Leaky integrator neuron model.

The leaky integrator neuron model is defined by the following equation:

\[\tau \dot{v} = (v_{leak} - v) + R I\]

Where \(\tau\) is the time constant, \(v\) is the membrane potential, \(v_{leak}\) is the leak voltage, \(R\) is the resistance, and \(I\) is the input current.

class nir.ir.LIF(tau: ~numpy.ndarray, r: ~numpy.ndarray, v_leak: ~numpy.ndarray, v_threshold: ~numpy.ndarray, input_type: ~typing.Dict[str, ~numpy.ndarray] | None = None, output_type: ~typing.Dict[str, ~numpy.ndarray] | None = None, metadata: ~typing.Dict[str, ~typing.Any] = <factory>)

Leaky integrate and-fire-neuron model.

The leaky integrate-and-fire neuron model is defined by the following equations:

\[\tau \dot{v} = (v_{leak} - v) + R I\]

\[\begin{split}z = \begin{cases} 1 & v > v_{thr} \\ 0 & else \end{cases}\end{split}\]

\[\begin{split}v = \begin{cases} v-v_{thr} & z=1 \\ v & else \end{cases}\end{split}\]

Where \(\tau\) is the time constant, \(v\) is the membrane potential, \(v_{leak}\) is the leak voltage, \(R\) is the resistance, \(v_{threshold}\) is the firing threshold, and \(I\) is the input current.

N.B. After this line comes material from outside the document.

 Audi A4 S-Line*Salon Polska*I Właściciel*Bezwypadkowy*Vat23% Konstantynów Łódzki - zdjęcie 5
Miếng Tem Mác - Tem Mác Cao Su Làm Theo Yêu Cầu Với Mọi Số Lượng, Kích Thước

class nir.ir.Linear(weight: ndarray)

Linear transform without bias:

\[y(t) = W*x(t)\]

class nir.ir.NIRGraph(nodes: ~typing.Dict[str, ~nir.ir.node.NIRNode], edges: ~typing.List[~typing.Tuple[str, str]], input_type: ~typing.Dict[str, ~numpy.ndarray] | None = None, output_type: ~typing.Dict[str, ~numpy.ndarray] | None = None, metadata: ~typing.Dict[str, ~typing.Any] = <factory>)

Neural Intermediate Representation (NIR) Graph containing a number of nodes and edges.

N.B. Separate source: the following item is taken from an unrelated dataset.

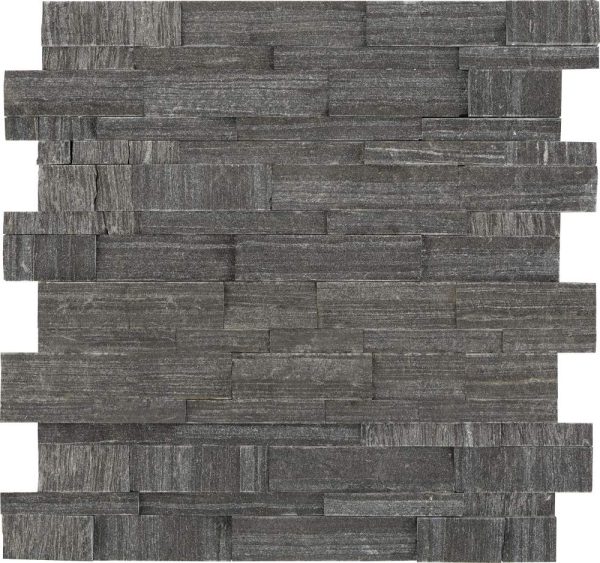 Macau Black - Daltile - Macau Black - Daltile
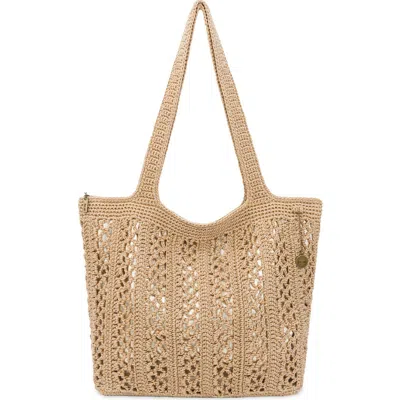 The Sak Crafted Classic Large Carryall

A graph of computational nodes and identity edges.

static from_list(*nodes: NIRNode) → NIRGraph

Create a sequential graph from a list of nodes by labelling them after indices.

infer_types()

Infer the shapes of all nodes in this graph. Will modify the input_type and output_type of all nodes in the graph.

Assumes that either the input type or the output type of the graph is set. Assumes that if A->B, then A.output_type.values() = B.input_type.values()

to_dict() → Dict[str, Any]

Serialize into a dictionary.

class nir.ir.NIRNode

Base superclass of Neural Intermediate Representation Unit (NIR).

All NIR primitives inherit from this class, but NIRNodes should never be instantiated.

to_dict() → Dict[str, Any]

Serialize into a dictionary.

class nir.ir.Output(output_type: Dict[str, ndarray])

Output Node.

Defines an output of the graph.

to_dict() → Dict[str, Any]

Serialize into a dictionary.

class nir.ir.Scale(scale: ndarray)

Scales a signal by some values.

This node is equivalent to the Hadamard product.

\[y(t) = x(t) \odot s\]

class nir.ir.SumPool2d(kernel_size: ~numpy.ndarray, stride: ~numpy.ndarray, padding: ~numpy.ndarray, input_type: ~typing.Dict[str, ~numpy.ndarray] | None = None, output_type: ~typing.Dict[str, ~numpy.ndarray] | None = None, metadata: ~typing.Dict[str, ~typing.Any] = <factory>)

Sum pooling layer in 2d.

class nir.ir.Threshold(threshold: ~numpy.ndarray, input_type: ~typing.Dict[str, ~numpy.ndarray] | None = None, output_type: ~typing.Dict[str, ~numpy.ndarray] | None = None, metadata: ~typing.Dict[str, ~typing.Any] = <factory>)

Threshold node.

This node implements the heaviside step function:

\[\begin{split}z = \begin{cases} 1 & v > v_{thr} \\ 0 & else \end{cases}\end{split}\]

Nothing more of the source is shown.